Op-Ed: Guns and Deaths, a Non-US problem
“America has the highest death by guns rate per capita in the world…..fact.”
That comment – left on a YouTube video – shows the ignorance of people not in America, and those in the Oval Office or the California state legislature. It is a persistent talking point of gun ban activists, and is adopted as fact by people predisposed to believe that (as the same fellow continued) “America is a screwed up society that has an unhealthy obsession with all things violent.”
As a modern Abe Lincoln might warn: “Don’t believe everything you read on the internet.”
Substantial research exists to show that America is not a trigger happy society, and that America is downright peaceful compared to other countries, both industrialized and non-industrialized.
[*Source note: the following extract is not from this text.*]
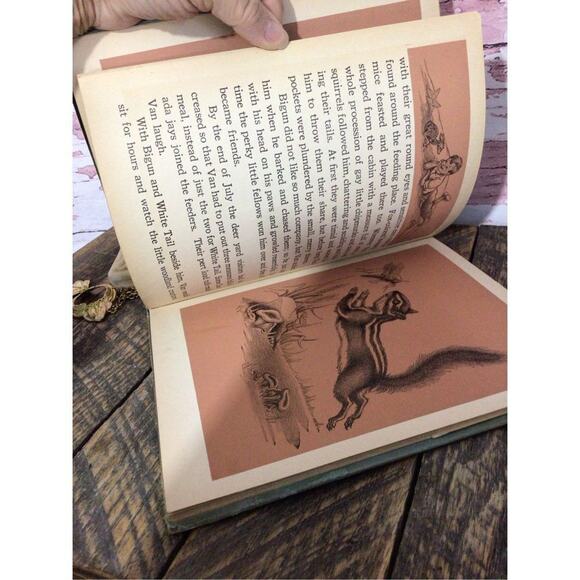 1938 First Edition “White Tail King Of The Forest” By Nell Stolp Smock - Picture 9 of 15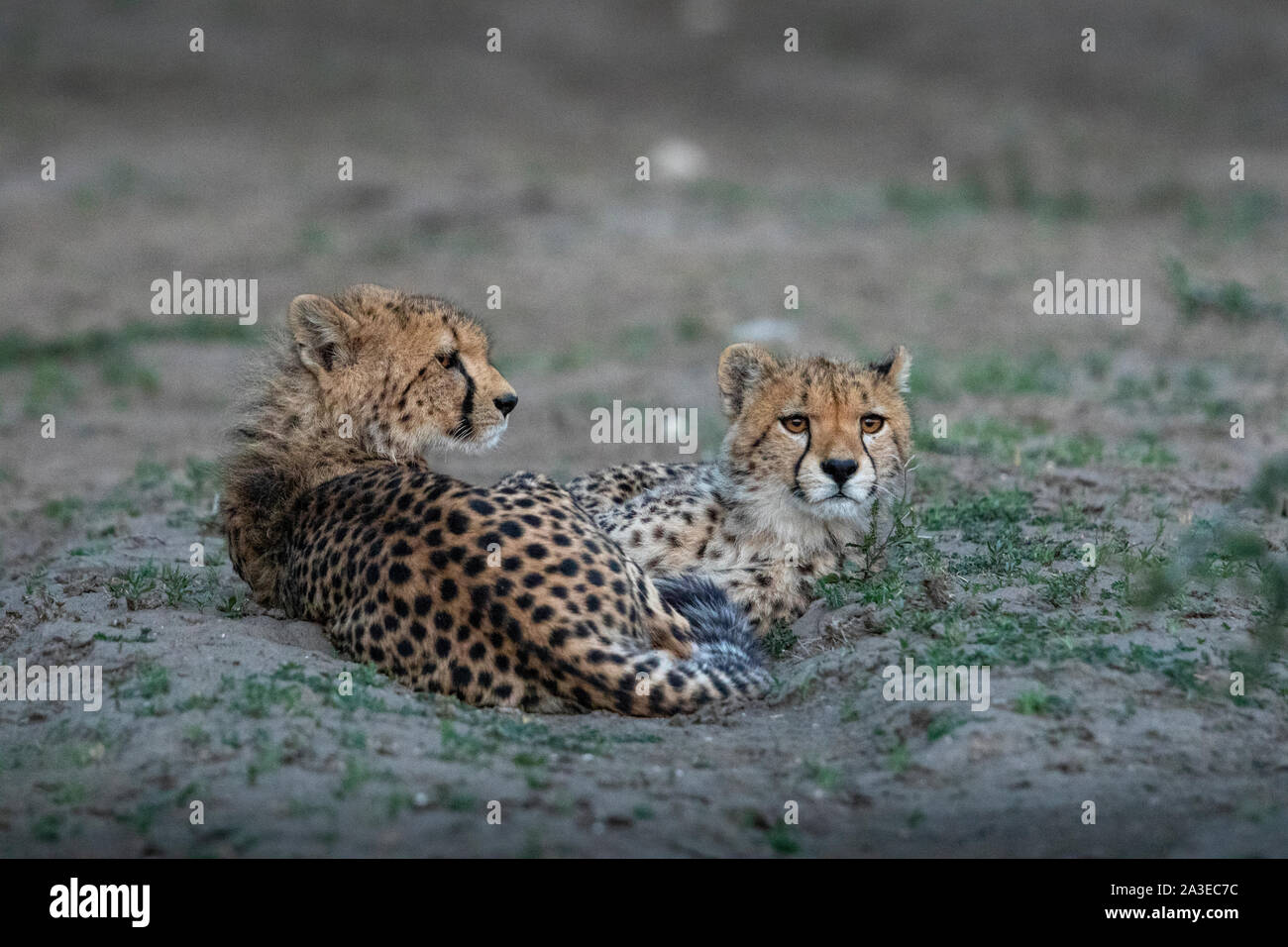 Africa, Tanzania, Ngorongoro Conservation Area, Pair of young Cheetah cubs (Acinonyx jubatas) resting along Ndutu Plains at dusk Stock Photo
I noted previously that Honduras is the gun crime capital of the world, with a firearm homicide rate 23 times higher than the United States. In their famous Harvard Journal of Law paper, Don Kates and Gary Mauser detailed how firearm availability never correlates with gun deaths. Real data simply doesn’t support the alleged “fact” our YouTube troll stated.
The question that comes immediately to mind is “Where is the most gun violence in the world?” Over at the Gun Facts website they have a separate chapter devoted to guns and violence in other countries, and one of the more interesting images explaining it all. Off on the left of the chart is the United States, which indeed has the largest number of privately owned firearms anywhere (the red line is what frightens uneducated people, which includes a few elected officials). The blue columns are the firearm homicide rates for each country.
Contrary to propagandists, the gun homicide rate in the United States is comparatively meager by international standards.